A monadic Future design pattern implementation in Swift language, using libdispatch and POSIX mutexes and condition variables. Design inspired from Scala's scala.concurrent.Future.

Only the essential features are in place currently. We're using the library in production, and it appears to work as expected. There's a benchmark that acts as a stress test, see Performance below.

Pod version Build status

Requirements

  • Mac OS X >= 10.9
  • Xcode >= 9.0 (Swift 4.0)

Installation

CocoaPods

CocoaPods is a centralized dependency manager for Cocoa libraries. It integrates libraries as embedded frameworks to your project. This requires that the minimum deployment target of your project is iOS 8.0 or OS X 10.9.

MiniFuture is available as a pod. Add the following line to your project's Podfile in order to have the library as a dependency:

pod 'MiniFuture', '~> 0.5.0'

And run pod install.

In your source code, import MiniFuture to use the library.

Manually

Copy all files under Source directory to your project. You have to figure out how to upgrade the library yourself.

Characteristics

A future is a promise of a computation that will complete eventually. We use Try<T> value type to wrap these computation results. It's an enumeration with two members, success<T> and failure<Error>. The first is meant for the caller of the Future to signify successful computation, with the result of the computation as the associated value of type T. The latter member signifies computation failure, with Error as the associated value.

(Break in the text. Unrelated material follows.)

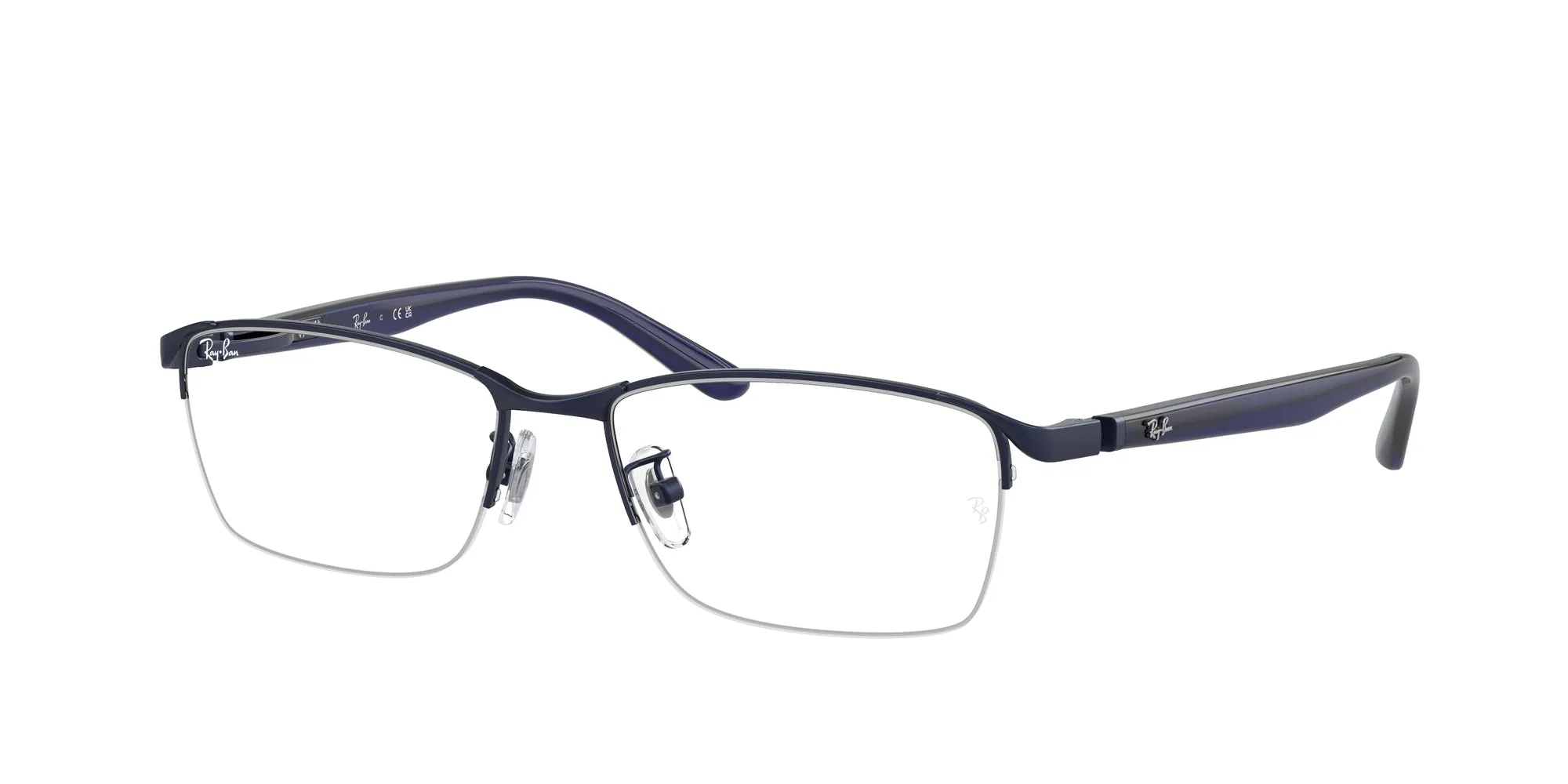Ray - Ban RX6501D 3076 Montature da vista Metallo Blu Trasparente Squadrata Normale - immagine 1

For example, the following future will complete with .success(1) eventually:

let fut = Future<Int>.async {
  Thread.sleep(forTimeInterval: 0.2)
  return .success(1)
}

assert(succeeded.get() == Try.success(1))

The basic operation to compose Futures is with Future#flatMap(_:). The method signature is:

flatMap<U>(f: T throws -> Future<U>) -> Future<U>

It takes in a closure, f. If the current future completes with a success value, f gets called with T as its argument. The return value of f is the next future computation. Later, if that future completes with a success value, the closure passed to that future gets called. This is the asynchronous call chain of the futures.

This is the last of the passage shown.